Why Companies Invest

Companies invest available cash to generate maximum productivity of cash that would otherwise be idle. They invest to advance corporate strategies and to have a reserve against fluctuations or downturns in their business.

Cash that is idle is not only earning a zero or negligible return; it may actually be losing purchasing power when compared with market prices. As a result, companies seek to use cash in measured and sensible ways while earning a strong return and retaining enough liquidity to meet emerging needs and therefore may pursue investments. An investment is a marketable asset owned by a company that may include bonds, notes, and stocks. Businesses have two main goals for investing that can overlap: 1) meet the company's cash needs, timing, and risk profile, and 2) purchase ownership interests that are in keeping with the company's objectives for the business.

For example, investments in debt securities can generate interest revenue. A debt security is a bond or notes held as investment. Such investments can be direct or indirect, but in these cases the passage of time may generate interest revenue in relation to the risk of the investment. High-risk investments can potentially generate higher interest rates and higher revenue, while lower-risk investments might generate lower interest rates and lower revenue. In general, the risk profile of the company, or its willingness to take certain risks, will dictate the appropriate level of risk to take. Further, the appropriate level of risk may not necessarily be achieved uniformly but may instead be achieved with a range of investments that have differing risk levels and interest rate returns.
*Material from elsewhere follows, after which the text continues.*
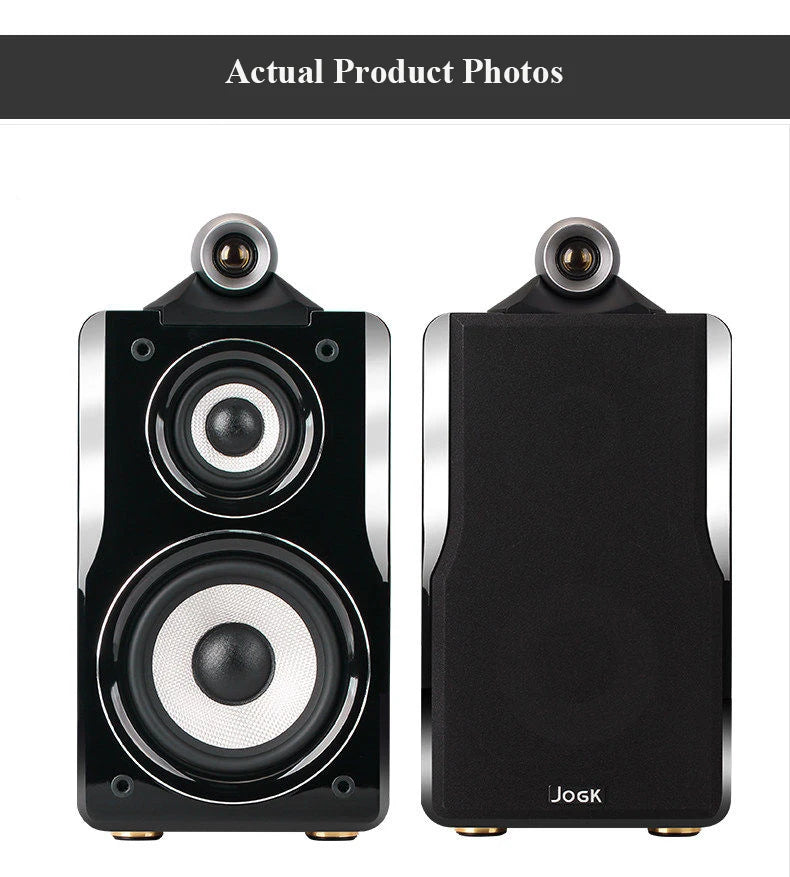 Altavoces Pasivos HiFi de Estantería 5.5" | 100W | 3 Vías | Caja de Madera | Par | 5.5" HiFi Passive Bookshelf Speakers 100W 3-Way Wooden Cabinet Pair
Trade-off between Investment Risk and Investment Return

As investment risk decreases, the investment return usually decreases as well. The inverse can also be true. If the investor is willing to take a higher risk that the investment could be lost, the return may be greater. Periodic returns should reflect this.
In many cases, an investor in bonds or notes would expect a return of the principal investment at a future maturity date in addition to receiving periodic interest payments. A company investing in stocks might expect to benefit from the increase in market value of stocks and to potentially receive dividend payments as they are periodically paid out by the investee, the target or company whose ownership is bought by another. Companies may also use investment income for strategic reasons, such as expanding facilities and replacing old equipment, and in some cases may use ownership to influence or create alliances with other organizations.